I had a great weekend. Having worked in the garden at Le Couvent all week, my treat for the weekend was to work in the vineyard. No honest, that does feel like a treat to me. It's beautiful, I can see for miles and the birds sing their socks off. I've worked out a new watering system that I think might see the vegetable garden through the summer without killing me in the process.

But the strangest thing happened there too. On Saturday I was weeding in the potager when both the dogs started barking madly. I looked up to see three completely white gowned figures coming towards us from the top of the vineyard. They were not 50 metres away, and for a moment I thought I was hallucinating until I recognised them as three nuns from the presbytery in Mougeres, just outside Roujan. The dogs were decidedly wary, but the nuns and I had a brief chat and they skipped on their way down through the vineyard, with one shouting back "Christ is risen, Christ is risen".

At moments like that you can feel as though you're going mad. With no witnesses it feels as though one could have dreamt it. But no, the dogs were still yelling in their shock.

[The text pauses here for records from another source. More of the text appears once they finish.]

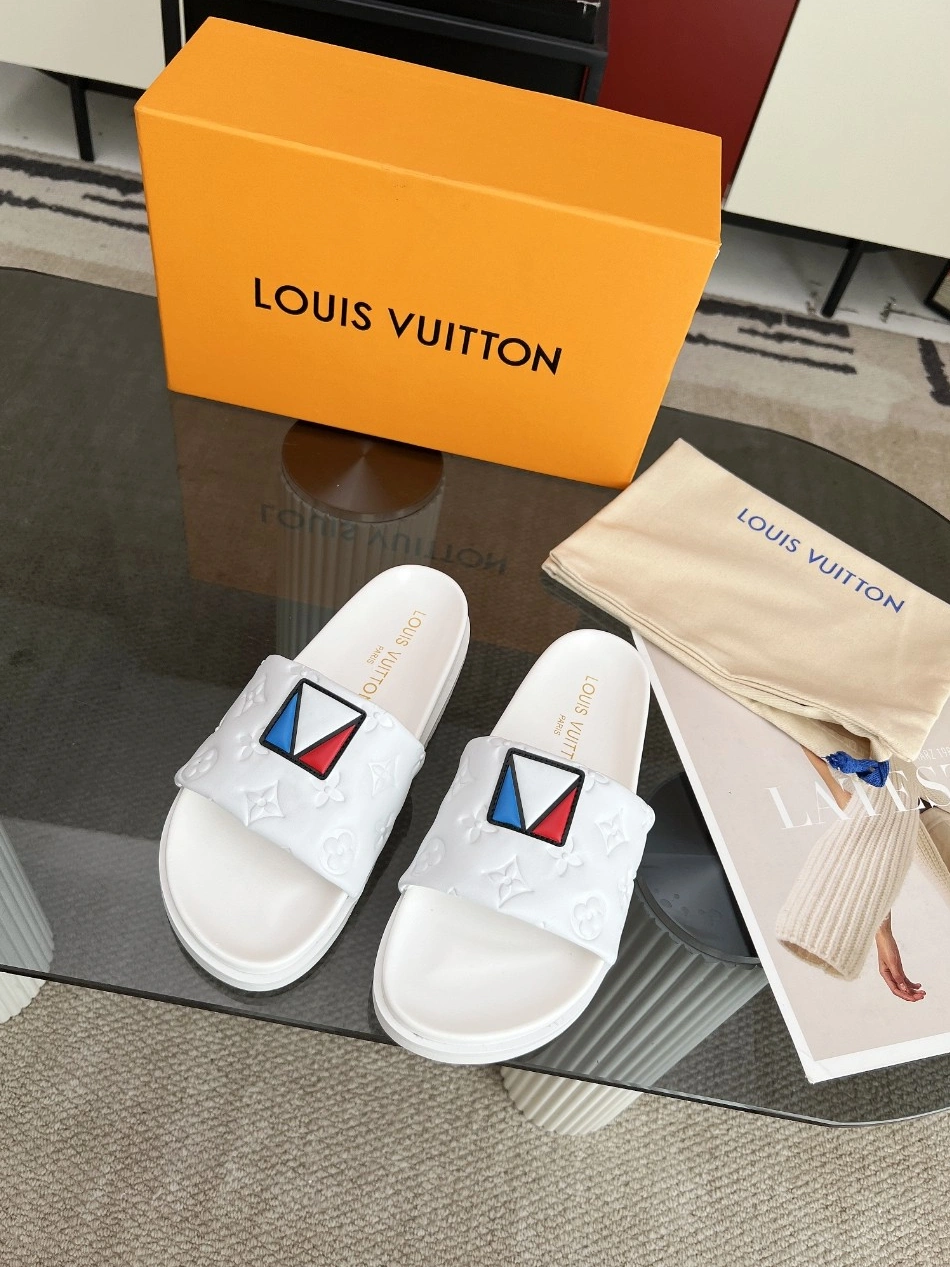 Trendsetting 6062 Louis Vuitton Slippers For Women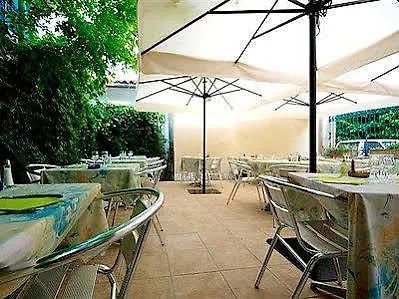Logis Hotel Restaurant Metropole Mirande   Mirande (Gers)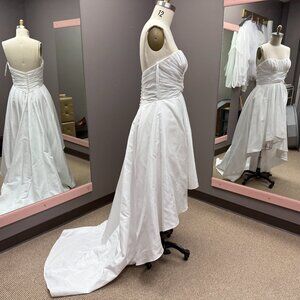 Wtoo Pleated Pure white size 10 Wedding dress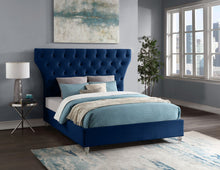 Load image into Gallery viewer, Kira - Bed
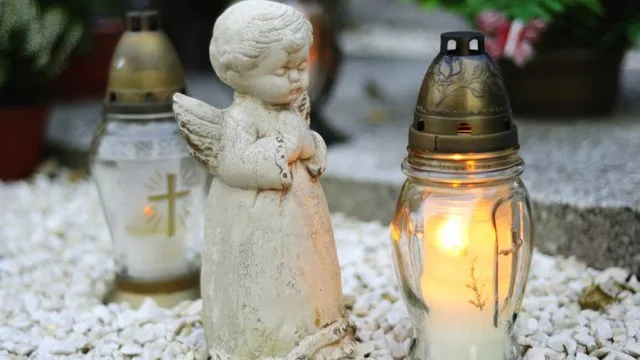 Raspored misa i molitve po grobljima na blagdan Svih svetih i Dušni dan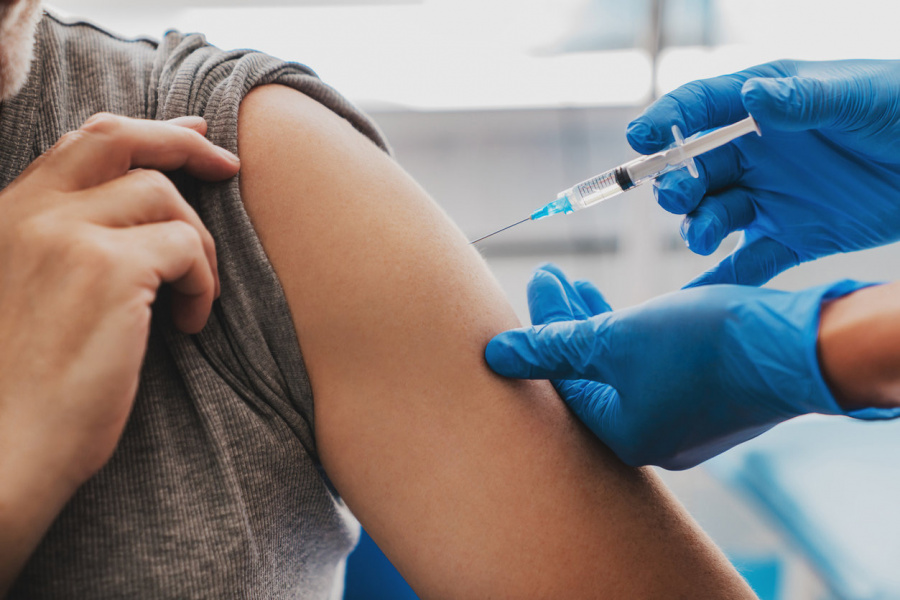 Вакцинация против коронавирусной инфекции продолжается на территории Наро-Фоминского городского округа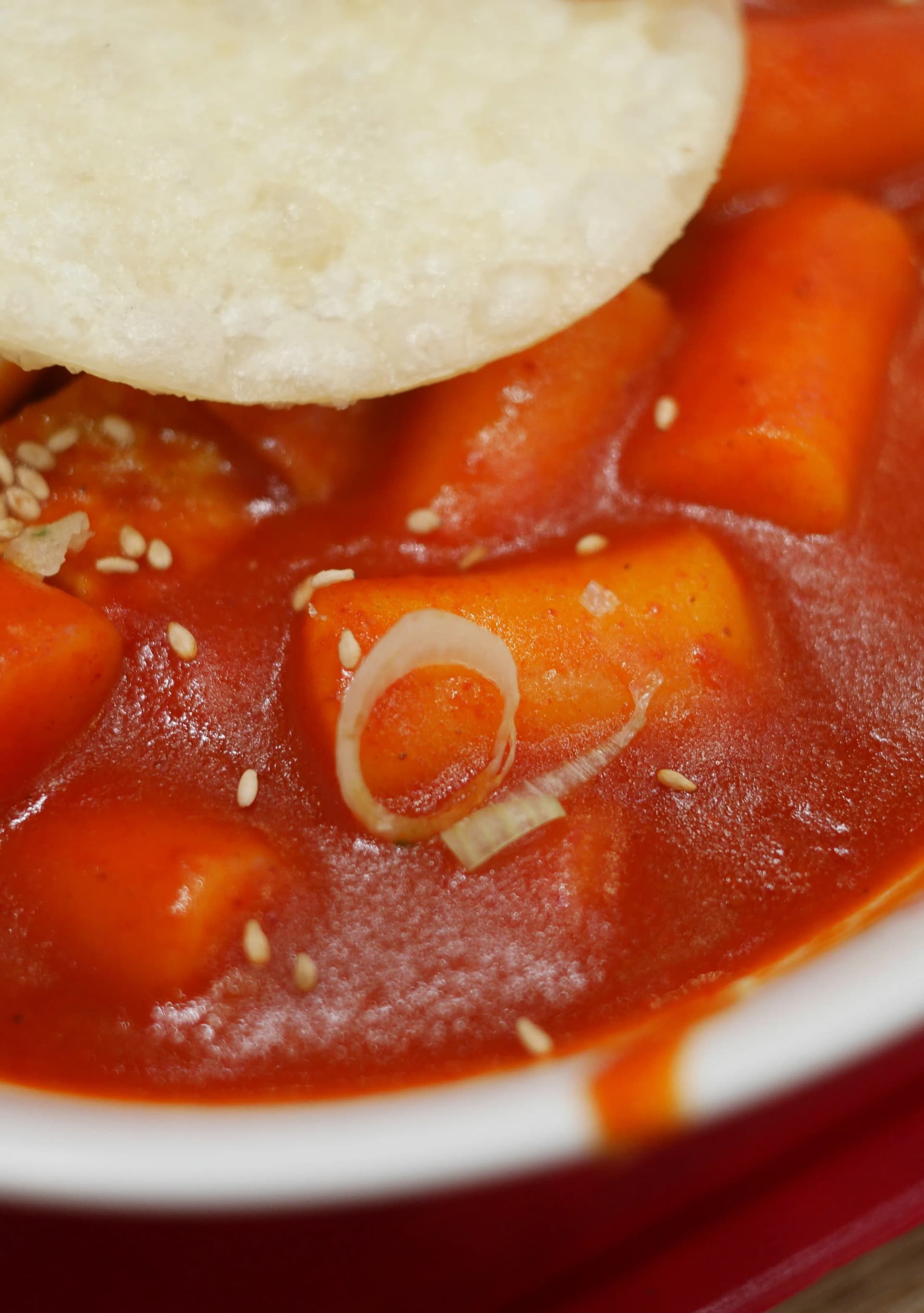 كلوز أب لقطعة توكبوكي ممسوكة بالعيدان الكورية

But that's not all. Yesterday I was again in the vineyard, feeding the trees in the orchard. Once again the dogs started barking and looking across the amphitheatre vines at a lone nun who was just standing there, looking across at us, for a good minute. I waved, but she didn't wave back. I, for some reason, thought she might have been saying a prayer over the vines. After a short while she left and I heard other voices going off up the hill, behind the trees so I assume she was with the other nuns. The dogs were spooked, but I like to think the wine from Le Couvent might have been blessed this year.

 

 

 
Photos pinched from this site. I hope I'll be forgiven.

 

Jan 07
2010

And so into 2010.......

Posted by LizzieBG in WeatherVines

LizzieBG

Phew, that's the excitement over for a while. We had a spiffing Christmas, with all the Gosling family together for the first time in donkey's years. My mother came to stay for a month and slithered back to Suffolk just before the heaviest snows fell. We had the best time while she was here and I'm sure she thinks we do nothing but party, so frequently flowed the invitations.

 

 




Ali hasn't had such a good time of it. First she snapped a front crown clean off on Christmas Eve. Mercifully our lovely dentist took pity on her and welded in a temporary one to stop her looking looking like a witch for Christmas. Now she finds herself stuck in snow-bound London, having popped over to Oxford for lunch a week ago. I'm very much hoping she makes it back on her revised flight tomorrow, otherwise I shall begin to suspect that she's avoiding the follow-up dental appointments and the pruning.

 

 

 


 


Having spent so much time frolicking about with my mother, December passed with barely a vine pruned, so now we are severely behind. We've also decided to burn all the off-cuts as we go (to save tripping over them all summer) so it's a painfully slow process. But the new pram-burner, Hot Pegasus, has worked like a dream. Coupled with the new, second-hand super-warm jacket I bought on Pezenas market last Saturday, I was sweltering today. Nevertheless, I was eventually driven home by sleet, yes, SLEET, in the vineyard. Ridiculous. This is the south of France so it is supposed to be sunbathing weather all the time, right?

 

 


 

The only irritating event over the past month has been the theft of my carefully devised plumbing system in the vineyard. So I'm about to replace it and I'm going to super-glue it in place, then dust it with that stuff that stains thieves hands. I'll then sit at the bar in the village and try to spot the miscreant. With a bit of luck I'll catch him/her red-handed.

And finally. Flynn won't go anywhere without his leather bone at the moment.  Here he is in the van, on the way back from a walk.